Gilbert Hay
Location: Nain, Labrador
Gilbert Hay
“Look at us today. For the last 150 or 200 years our culture has been sabotaged by you guys, your values. I’m wearing your clothing. Any culture tries to hold onto what it’s losing. We were and still are trying to document our own history”
(Gilbert Hay in Inuit Art Quarterly 1990:11).
ROOTS: Born in 1951, in North West River, but grew up in Nain, Nunatsiavut.
WHEN AND HOW HE GOT STARTED: In 1972, as his only source of income.
INFLUENCES: “I left Labrador to go around North America. Then I went home and found my culture. That experience enriched my art and brought me to a conclusion of a sort. Not every young Inuk can go outside and experience the world and learn to appreciate their culture and express it in their art” (Gilbert Hay 1991a:21).

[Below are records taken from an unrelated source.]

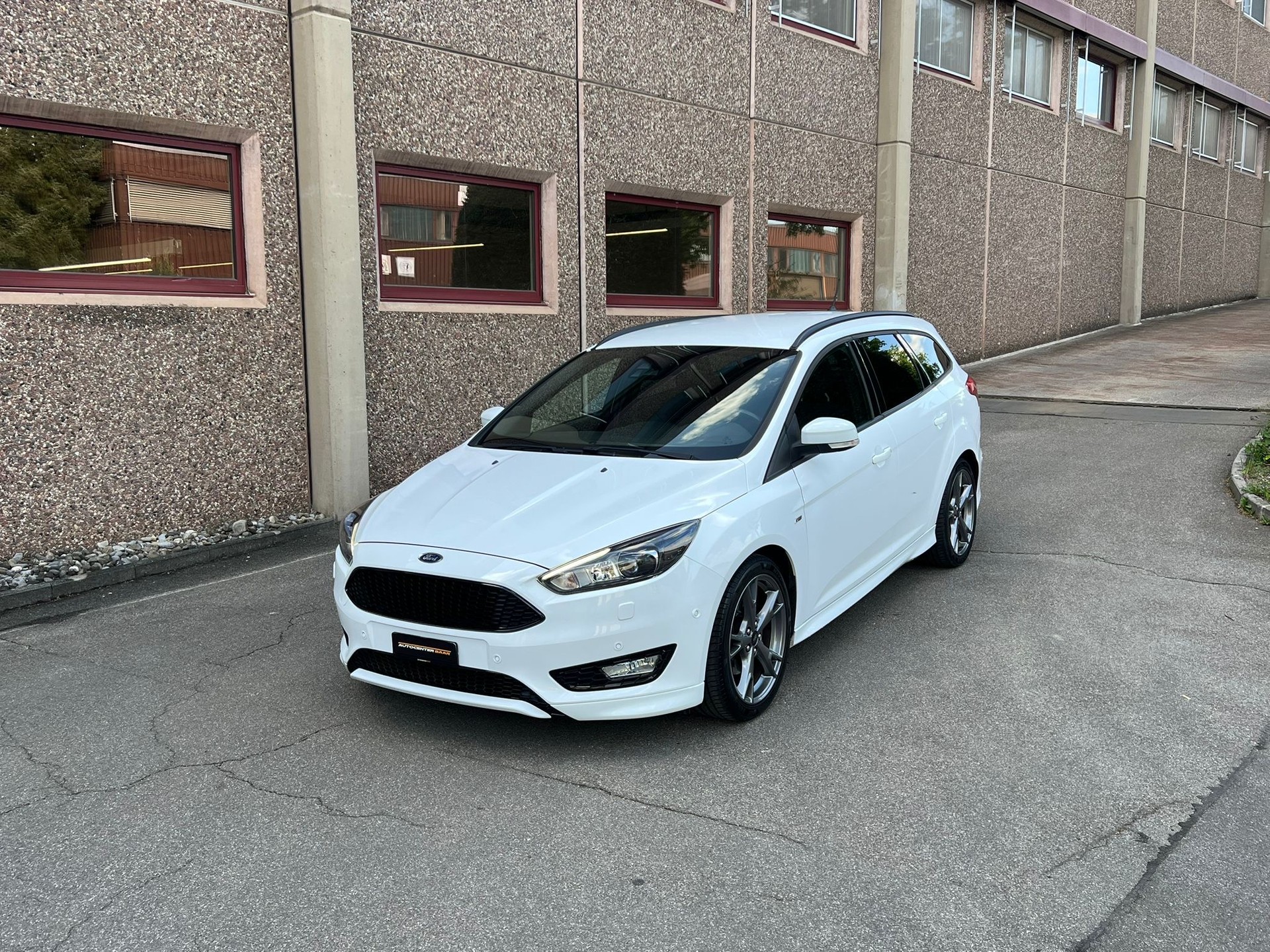 FORD Focus 1.5 SCTi ST Line Automatic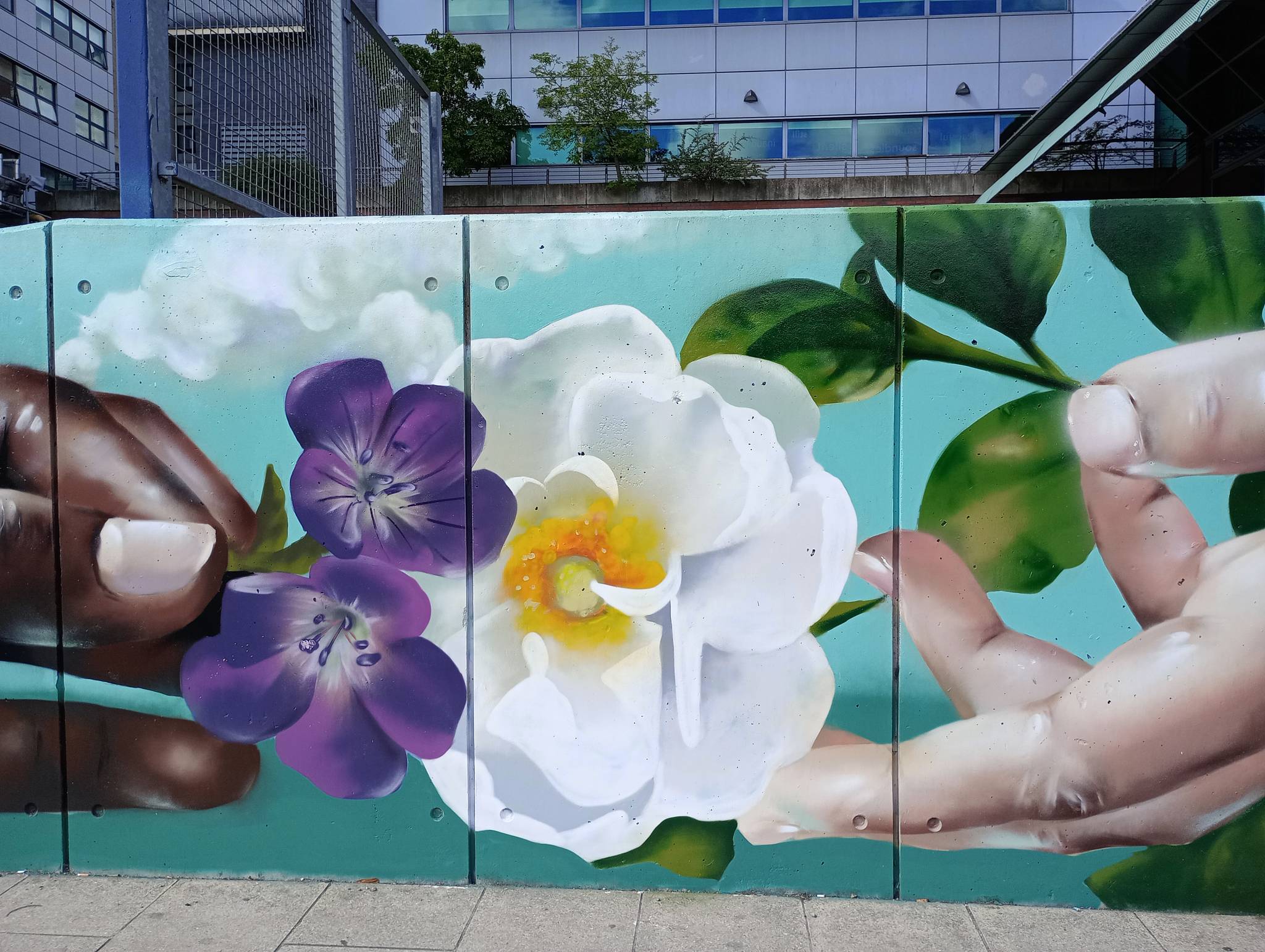 Peachzz&mdash;Pond Street Mural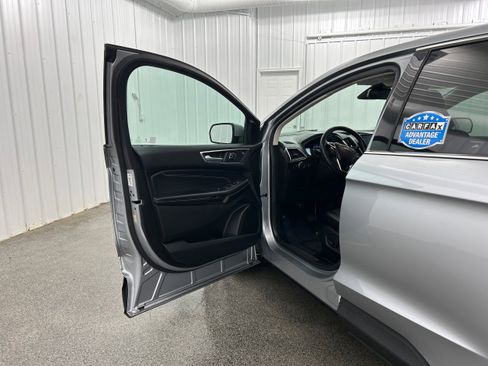 Used 2022 Ford Edge Titanium AWD/4WD image 19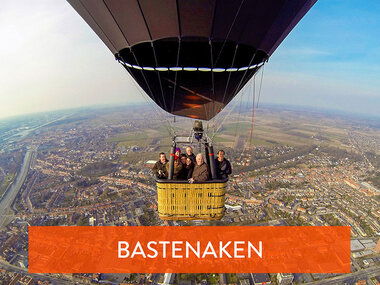 Zweven boven Bastenaken in een heteluchtballon voor 2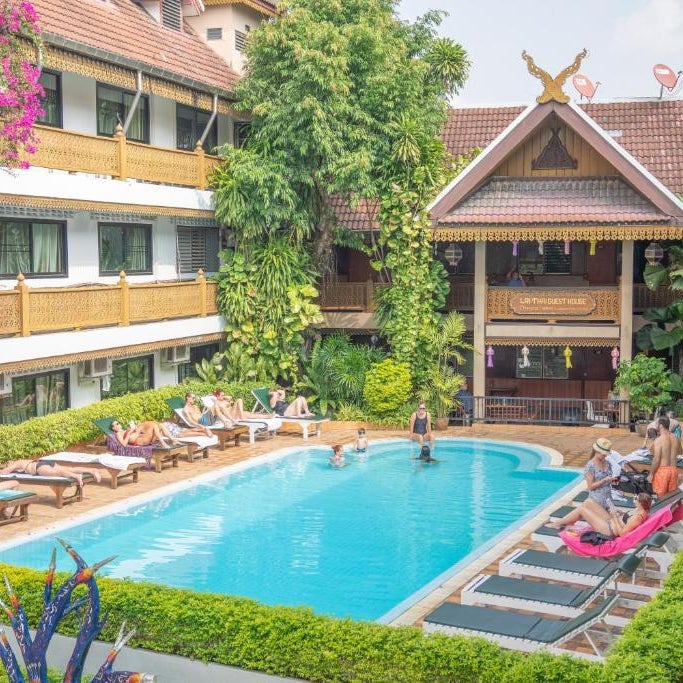 Collection O Khu Mueang near Tha Phae Gate formerly Lai Thai Guesthouse Thumbnail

MEDIA: Carves (ivory, whale bone, antler, soapstone, anorthosite, and labradorite); also did some lithography in St. John’s and Cape Dorset.
FORMAL ART TRAINING: A goldsmithing course from John Goudie, a well-known jeweller in Nunatsiavut. In 1989, he participated in a workshop organized by the Inuit Art Foundation. In 1991, he participated in a session on neo-mythology at the Banff Centre for the Arts.
SIGNIFICANT ACHIEVEMENT: In 1985, the Government of Newfoundland and Labrador commissioned a one ton serpentine sculpture, Nuikkusemajak ("has visited"), for the lobby of the Confederation Building annex in St. John's.